DimensiNews.co.id, SAROLANGUN- Kebakaran hutan dan lahan (Karhutla) di Kabupaten Sarolangun terpantau sudah ada puluhan titik hotspot.
Dandim 0420/Sarko, Letkol Inf Tomy Radya Diansyah Lubis mengatakan, hingga saat ini titik hotspot kurang lebih ada 57 titik yang mana, kondisi lahan hotspot merupakan lahan mineral.
Untuk luas lahan yang sudah terbakar hingga saat ini terdata 112 hektar lahan terbakar.
“Di wilayah Sarolangun ada beberapa lokasi yang sering terjadi titik api yang semua lahan masyarakat. Wilayah titik api yang cukup besar seperti bathin VIII, Mandiangin, Pelawan, Singkut,” katanya.
Lanjutnya, berdasarkan BMKG sampai pada bulan september nanti diperkirakan terjadinya musim kemarau.
Maka dari itu, ia mengimbau kepada masyarakat ataupun pihak perusahaan yang mempunyai lahan agar jangan membukanya dengan cara membakar.
“Karena bukan hanya kebun yang bersangkutan saja, tapi akan berefek pada lahan yang lainnya,” katanya.

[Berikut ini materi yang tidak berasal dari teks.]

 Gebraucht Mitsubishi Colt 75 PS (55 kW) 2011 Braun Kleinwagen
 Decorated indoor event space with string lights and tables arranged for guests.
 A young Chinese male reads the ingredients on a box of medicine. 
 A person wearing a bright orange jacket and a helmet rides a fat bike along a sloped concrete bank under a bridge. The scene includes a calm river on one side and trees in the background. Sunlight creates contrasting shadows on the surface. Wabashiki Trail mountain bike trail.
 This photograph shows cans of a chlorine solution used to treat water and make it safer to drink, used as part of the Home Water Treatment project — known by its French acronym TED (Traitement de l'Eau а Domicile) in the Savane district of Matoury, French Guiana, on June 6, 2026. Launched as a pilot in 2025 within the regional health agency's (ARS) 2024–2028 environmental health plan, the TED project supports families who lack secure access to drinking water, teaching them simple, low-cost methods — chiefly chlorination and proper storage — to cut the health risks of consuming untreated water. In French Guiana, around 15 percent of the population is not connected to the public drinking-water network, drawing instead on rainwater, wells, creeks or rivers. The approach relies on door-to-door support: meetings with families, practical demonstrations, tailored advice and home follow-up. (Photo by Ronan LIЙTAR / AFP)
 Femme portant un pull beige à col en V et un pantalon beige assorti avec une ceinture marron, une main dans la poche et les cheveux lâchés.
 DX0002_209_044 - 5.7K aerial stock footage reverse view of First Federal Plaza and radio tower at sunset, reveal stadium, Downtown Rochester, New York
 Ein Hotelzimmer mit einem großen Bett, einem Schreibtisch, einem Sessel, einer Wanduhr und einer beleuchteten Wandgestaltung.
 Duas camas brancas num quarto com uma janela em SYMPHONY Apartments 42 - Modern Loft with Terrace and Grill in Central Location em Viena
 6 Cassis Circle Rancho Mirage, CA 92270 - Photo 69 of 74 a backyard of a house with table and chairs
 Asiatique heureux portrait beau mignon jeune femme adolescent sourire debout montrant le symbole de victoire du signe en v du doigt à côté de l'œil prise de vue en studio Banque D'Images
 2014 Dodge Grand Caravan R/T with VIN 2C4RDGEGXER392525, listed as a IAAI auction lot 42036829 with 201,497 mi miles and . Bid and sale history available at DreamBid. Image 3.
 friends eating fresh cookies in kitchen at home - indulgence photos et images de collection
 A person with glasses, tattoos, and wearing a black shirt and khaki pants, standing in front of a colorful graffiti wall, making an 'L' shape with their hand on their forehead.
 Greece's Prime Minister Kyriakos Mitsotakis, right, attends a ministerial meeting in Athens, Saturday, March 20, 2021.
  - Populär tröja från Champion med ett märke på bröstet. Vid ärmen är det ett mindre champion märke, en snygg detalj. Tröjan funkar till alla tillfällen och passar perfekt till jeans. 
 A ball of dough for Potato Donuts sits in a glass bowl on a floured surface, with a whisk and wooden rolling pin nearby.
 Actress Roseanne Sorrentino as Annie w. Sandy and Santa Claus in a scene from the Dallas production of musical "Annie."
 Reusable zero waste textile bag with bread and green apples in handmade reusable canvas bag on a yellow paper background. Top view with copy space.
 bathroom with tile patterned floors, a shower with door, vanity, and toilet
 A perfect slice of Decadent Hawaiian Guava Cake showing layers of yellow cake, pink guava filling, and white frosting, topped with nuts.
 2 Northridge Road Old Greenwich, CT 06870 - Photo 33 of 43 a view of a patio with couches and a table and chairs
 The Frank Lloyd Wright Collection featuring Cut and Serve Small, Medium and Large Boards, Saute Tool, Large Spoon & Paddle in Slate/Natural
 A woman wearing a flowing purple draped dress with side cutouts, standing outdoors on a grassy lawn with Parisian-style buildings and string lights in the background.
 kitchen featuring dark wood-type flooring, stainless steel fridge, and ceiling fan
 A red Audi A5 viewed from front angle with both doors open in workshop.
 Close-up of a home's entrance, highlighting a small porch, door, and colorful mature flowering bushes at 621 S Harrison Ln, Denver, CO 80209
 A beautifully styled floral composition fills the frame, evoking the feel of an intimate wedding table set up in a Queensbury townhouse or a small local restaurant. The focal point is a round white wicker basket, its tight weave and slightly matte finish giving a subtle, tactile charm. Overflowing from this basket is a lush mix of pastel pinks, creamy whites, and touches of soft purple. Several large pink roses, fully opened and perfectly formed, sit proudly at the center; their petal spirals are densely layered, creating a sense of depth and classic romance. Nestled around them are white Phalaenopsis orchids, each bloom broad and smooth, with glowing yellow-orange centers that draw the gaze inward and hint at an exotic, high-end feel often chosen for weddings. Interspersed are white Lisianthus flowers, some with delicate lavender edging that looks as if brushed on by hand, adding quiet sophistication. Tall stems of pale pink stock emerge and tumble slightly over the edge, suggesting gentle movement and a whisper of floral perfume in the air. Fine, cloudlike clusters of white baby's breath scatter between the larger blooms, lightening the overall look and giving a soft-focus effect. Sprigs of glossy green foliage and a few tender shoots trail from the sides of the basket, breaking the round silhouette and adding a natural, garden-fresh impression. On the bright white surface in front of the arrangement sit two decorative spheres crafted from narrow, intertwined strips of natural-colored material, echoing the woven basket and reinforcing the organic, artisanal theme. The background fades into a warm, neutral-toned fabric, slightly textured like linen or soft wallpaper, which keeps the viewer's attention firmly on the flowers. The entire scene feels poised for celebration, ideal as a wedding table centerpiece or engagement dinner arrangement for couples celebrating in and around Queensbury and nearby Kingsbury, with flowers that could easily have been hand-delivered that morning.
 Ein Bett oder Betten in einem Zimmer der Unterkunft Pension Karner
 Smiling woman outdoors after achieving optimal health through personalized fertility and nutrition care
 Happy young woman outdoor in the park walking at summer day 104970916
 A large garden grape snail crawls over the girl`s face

Untuk meminimalisir terjadinya dampak Karhutla, pihaknya bersama Polri, BPBD, Manggala Agni dan tim Satgas Karhutla tetap melakukan sosialisasi dan melakukan pemadaman apabila memang ada lahan yang harus butuh pemadaman.
“Apabila ada beberapa titik api akan dilaksanakan pemadaman,” ujarnya.